As stated above, onchocerciasis is almost certainly a disease that originated in Africa and has spread to Arabia and the New World as an unintended byproduct of the slave trade. Skin lesions caused by onchocerciasis were first described by J. O'Neill, who detected microfilariae from Africans in the Gold Coast (modern Ghana) suffering from the tormenting itch of "craw-craw." The organism was first described in 1893 by the eminent German parasitologist K. G. Friedrich Rudolf Leuckart, who studied adults in nodules extracted from Gold Coast Africans by a missionary.

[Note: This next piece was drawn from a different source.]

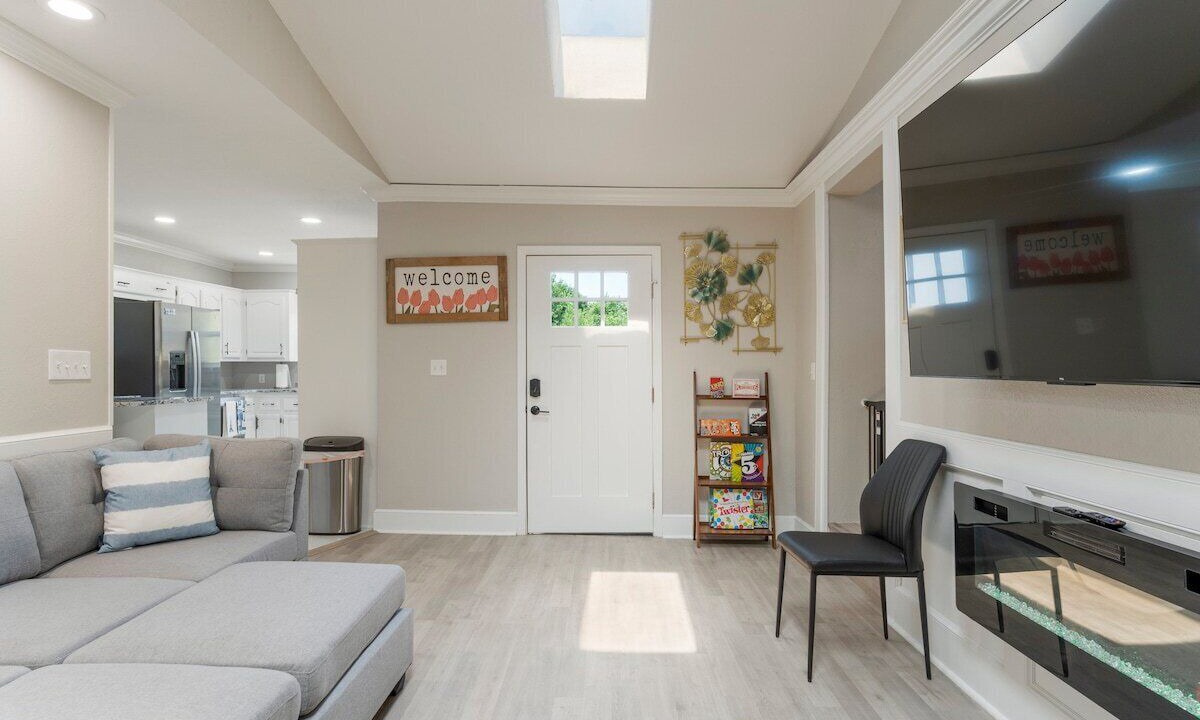 Photo of Livingroom in Tulsa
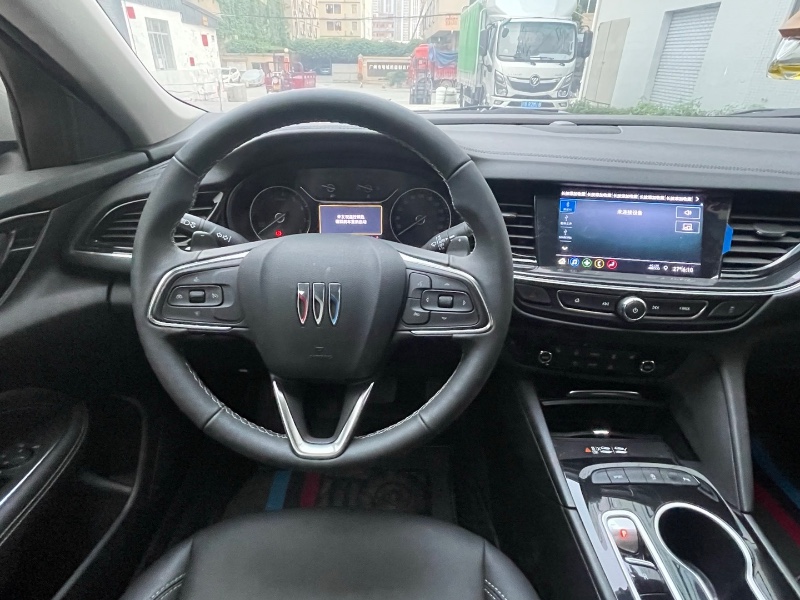 广州24年别克君威7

In 1916 the disease was first recognized in the Americas when the Guatemalan investigator Rodolfo Robles discovered onchocerciasis in the highlands of his country. Robles linked nodules to eye disease and suggested that the distribution of infection implicated two species of Simulium as vectors. D. B. Blacklock, working in Sierra Leone, showed in 1926 that S. damnosum was the vector. In 1931 J. Hissette, working in the Belgian Congo, linked onchocerciasis with blindness for the first time in Africa, but despite confirmation in the Sudan a year later, colonial doctors generally considered onchocerciasis only a skin disease. Just before World War II, French doctors in what is now Burkina Faso began to link the disease with mass blindness and river valley abandonment. Their colleagues across the frontier in the British

Gold Coast did not make a similar discovery until 1949. Although British physicians and administrators were aware of river valley depopulation, onchocerciasis, and substantial blindness in the northern part of the colony, they did not link these phenomena, partly because doctors who became interested in the problem in the 1930s were repeatedly distracted by other duties or transferred. After the war, the association was finally made, especially in a crucial 1949 report by B. B. Waddy. A series of investigations in the 1950s confirmed the widespread incidence and serious consequences of the disease in a number of African countries, and Latin American foci were delimited.